—Mr. Harris of New York expressed his approval of the resolution "precisely as it was offered. Every expression in it was apt and appropriate." If slavery should be abolished as a result of the war, he would not "shed a tear over that result; but yet it is not the purpose of the government in prosecuting the war to overthrow slavery."

—Mr. Fessenden of Maine agreed with Mr. Collamer as to the word "subjugation." It expressed the idea clearly, and he was "satisfied with it. The talk about subjugation is mere clap-trap."

—Mr. Doolittle of Wisconsin said the use of the word "subjugation" in the resolution did not imply that it was not "the purpose of the Government to compel the Disunionists to submit to the Constitution and the laws."

—Mr. Willey of Virginia said that there was a great sensitiveness in his section; that there was a fear among many that the object of the war was subjugation; that "its design was to reduce the Old Dominion to a province, and to make the people (in the language of the senator from Vermont) pass under the yoke."

—Mr. Hale of New Hampshire favored the resolution. He said the most radical abolitionists had "always disclaimed the idea or the power of interfering with slavery in the States."

—Mr. Clark, the colleague of Mr. Hale, would support the resolution, and would oppose any amendment offered to it, not because he liked its phraseology, but because "it was drawn by the senator from Tennessee, and suited him and the region from which he came."

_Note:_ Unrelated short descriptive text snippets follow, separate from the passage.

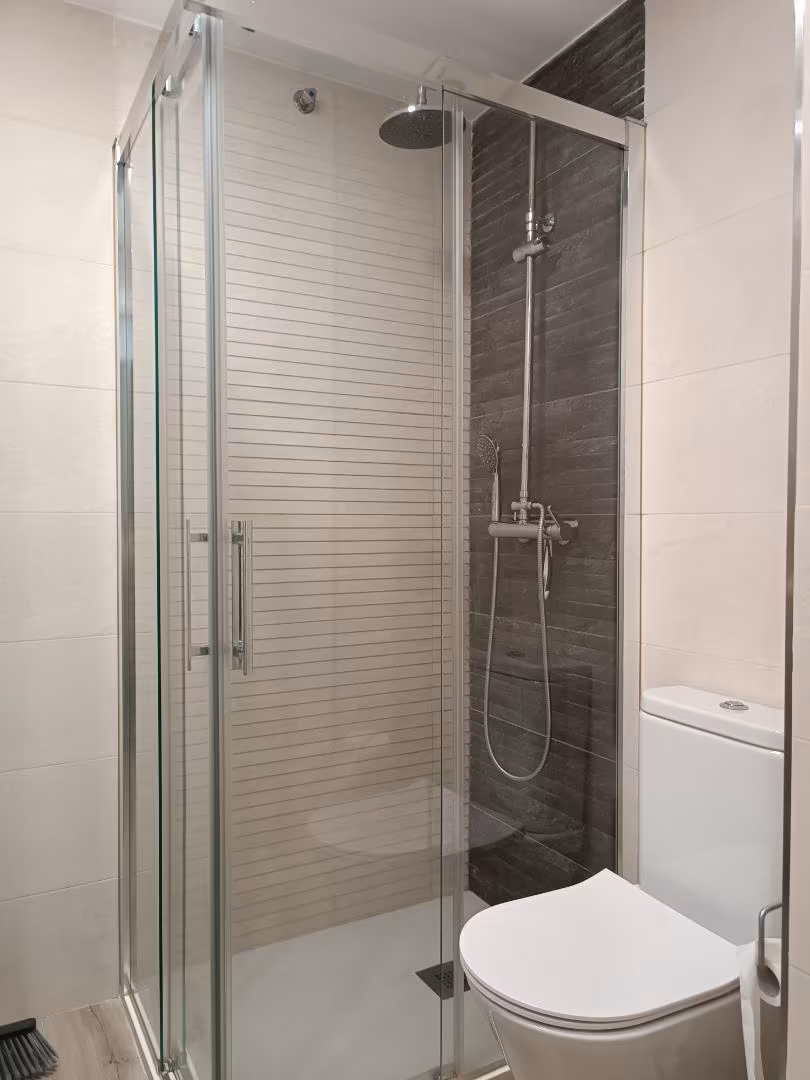 Piso en  Calle Peña 2 - Foto 12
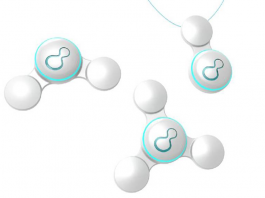 Health Care Originals Announces Partnership with Healthport and Launches New Telemedicine Product at MEDICA 2018 HCO Healthport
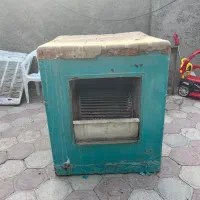 کولر آبی۵۰۰۰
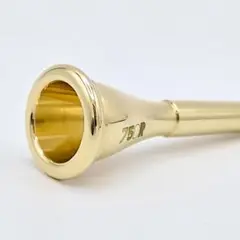 Item thumbnail for item 6597a72a-903b-4f93-87e2-b6acbfaad370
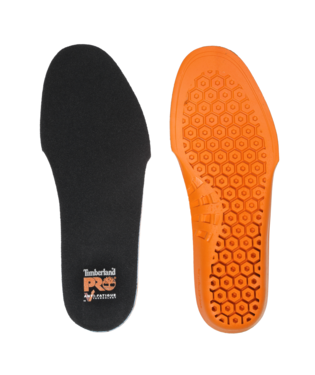 Timberland PRO Insoles Anti-Fatigue  TB091621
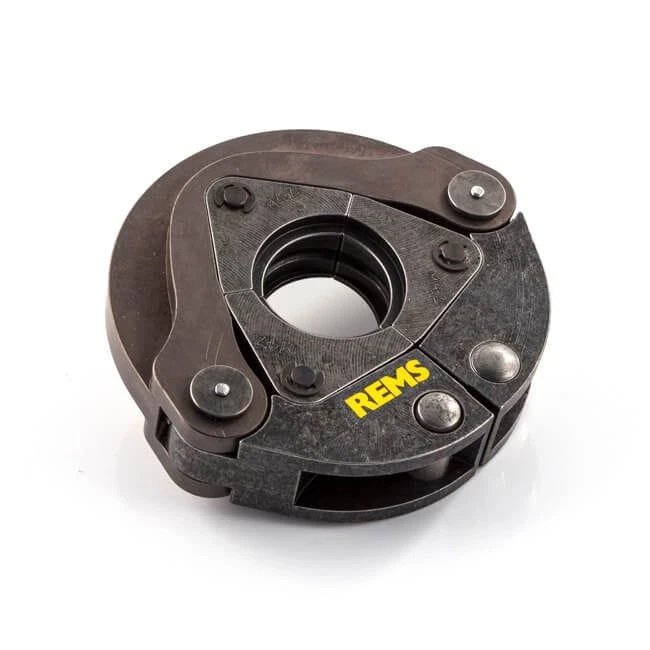 REMS Contour M Akku-Press Tongs - 42mm 6 REMS Contour M Akku-Press Tongs - 42mm - Image 4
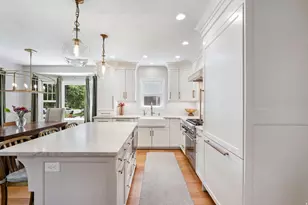 2540 S Chadwick St E, Salt Lake City, UT 84106 - Photo 6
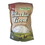 Cluckin' Good Oyster Shells 1kg (2.2lb)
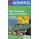 KOMPASS Carta N° 041 1:25.000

—Mr. Breckinridge of Kentucky could not vote for the resolution, because he did not "agree with the statement of facts contained in it." He would not go into the antecedents of the unhappy difficulties. He did not consider that "the rupture in the harbor of Charleston, the firing on the Star of the West, and the collision at Fort Sumter, justified those proceedings on the part of the President which have made one blaze of war from the Atlantic to the western borders of the Republic." He did not believe that "the President had a right to take that step which produced the war, and to call (under Presidential authority alone) the largest army into the field ever assembled on the American continent, and the largest fleet ever collected in American harbors." He believed that "the responsibility for the war is to be charged, first, to the majority in the two Houses last winter in rejecting amendments to the Constitution; and, secondly, to the President, for calling out an armed force."

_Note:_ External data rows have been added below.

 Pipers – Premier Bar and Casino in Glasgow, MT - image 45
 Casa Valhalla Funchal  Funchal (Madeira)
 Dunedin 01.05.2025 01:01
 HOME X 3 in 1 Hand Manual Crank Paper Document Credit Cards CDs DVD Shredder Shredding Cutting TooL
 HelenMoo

—Mr. Sherman of Ohio replied with great spirit to Mr. Breckinridge. He said Ohio and Kentucky stood side by side, and had always been friends; but if the senator who had just spoken, spoke the voice of his State, then he feared that Kentucky and Ohio would soon be enemies. He felt confident however that "the views expressed do not represent the sentiments of Kentucky's patriotic citizens." On the contrary, no person with the authority of President Lincoln "ever forbore so patiently." The people of the loyal States had "forborne with the Disunionists of the Southern States too much and too long." There was not a line, not a syllable, not a promise, in the Constitution which the people of the loyal States did not religiously obey. "The South has no right to demand any other compromise. The Constitution was the bond of union; and it was the South that sought to change it by amendments, or to subvert it by force. The Disunionists of the Southern States are traitors to their country, and must be, and will be, subdued."

—Mr. Breckinridge, replying to Mr. Sherman, believed that he truly represented the sentiment of Kentucky, and would submit the matter to the people of his State. "If they should decide that the prosperity and peace of the country would be best promoted by an unnatural and horrible fraternal war, and should throw their own energies into the struggle," he would "acquiesce in sadness and tears, but would no longer be the representative of Kentucky in the American Senate." He characterized personal allusion which had been made to himself as ungenerous and unjust, and declared that he had "never uttered a word or cherished a thought that was false to the Constitution and Union."

—Mr. Browning of Illinois, the successor of Stephen A. Douglas in the Senate, closed the debate. He spoke of "the indulgence shown to Mr. Breckinridge," and of his having used it to "assail the President vehemently, almost vindictively, while he had not a single word of condemnation for the atrocious conduct of the rebellious States." Was the senator from Kentucky here to vindicate them, and the hurl unceasing denunciations at the President, "who was never surpassed by any ruler in patriotism, honor, integrity, and devotion to the great cause of human rights?"